Given that sample size $n=8$ and sample variance is $19.787$ and standard deviation $s =4.4483$.

#### Step 3 Specify the confidence interval for variance formula

$100(1-\alpha)$% confidence interval estimate of population variance $\sigma^2$ is \begin{aligned} \bigg(\frac{(n-1)s^2}{\chi^2_{(\alpha/2,n-1)}}, \frac{(n-1)s^2}{\chi^2_{(1-\alpha/2,n-1)}}\bigg) \end{aligned} and

$100(1-\alpha)$% confidence interval estimate of population standard deviation $\sigma$ is \begin{aligned} \bigg(\sqrt{\frac{(n-1)s^2}{\chi^2_{(\alpha/2,n-1)}}}, \sqrt{\frac{(n-1)s^2}{\chi^2_{(1-\alpha/2,n-1)}}}\bigg) \end{aligned} where $\chi^2_{(\alpha/2,n-1)}$ and $\chi^2_{(1-\alpha/2,n-1)}$ are the critical values from $\chi^2$ (chi squared) distribution with $\alpha$ level of significance and $n-1$ degrees of freedom.

#### Step 4 Determine the chi-squared confidence interval critical value

The critical values of $\chi^2$ for $\alpha$ level of significance and $n-1$ degrees of freedom are

$\chi^2_{(\alpha/2,n-1)}=\chi^2_{(0.005,7)}=20.278$

and

$\chi^2_{(1-\alpha/2,n-1)}=\chi^2_{(0.995,7)}=0.989$.

#### Step 5 Determine the confidence interval

$99$% confidence interval estimate for population variance is \begin{aligned} \frac{(n-1)s^2}{\chi^2_{(\alpha/2,n-1)}} &\leq \sigma^2 \leq \frac{(n-1)s^2}{\chi^2_{(1-\alpha/2,n-1)}}\\ \frac{7*19.787}{20.278} &\leq \sigma^2 \leq \frac{7*19.787}{0.989}\\ 6.83 &\leq \sigma^2 \leq 140.049. \end{aligned} Thus 99% confidence interval for population variance is $(6.83,140.049)$.

#### Interpretation

We can be 99 percent confident that the population variance for the percentage rate of home ownership is between $6.8305$ and $140.0495$.
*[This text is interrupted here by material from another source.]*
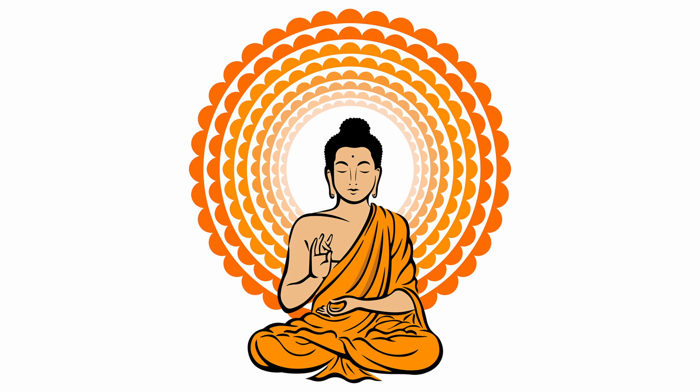We'll begin this practice by finding our seat and focusing on our physical posture. Here we're going to run through six points of posture. The first is seat, second eyes, third hands, fourth balance, fifth alignment, and finally the sixth is attitude.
#### Confidence interval for standard deviation

$99$% confidence interval estimate for population standard deviation is \begin{aligned} \sqrt{6.83} &\leq \sigma \leq \sqrt{140.049}\\ 2.614 &\leq \sigma \leq 11.834. \end{aligned} Thus $99$% confidence interval for population standard deviation is $(2.614,11.834)$.

#### Interpretation

We can be $99$% confident that the population standard deviation for the percentage rate of home ownership is between $2.614$ and $11.834$.

## Conclusion

Hope you like above article on Confidence Interval for Population Variance Calculator with solved numerical examples.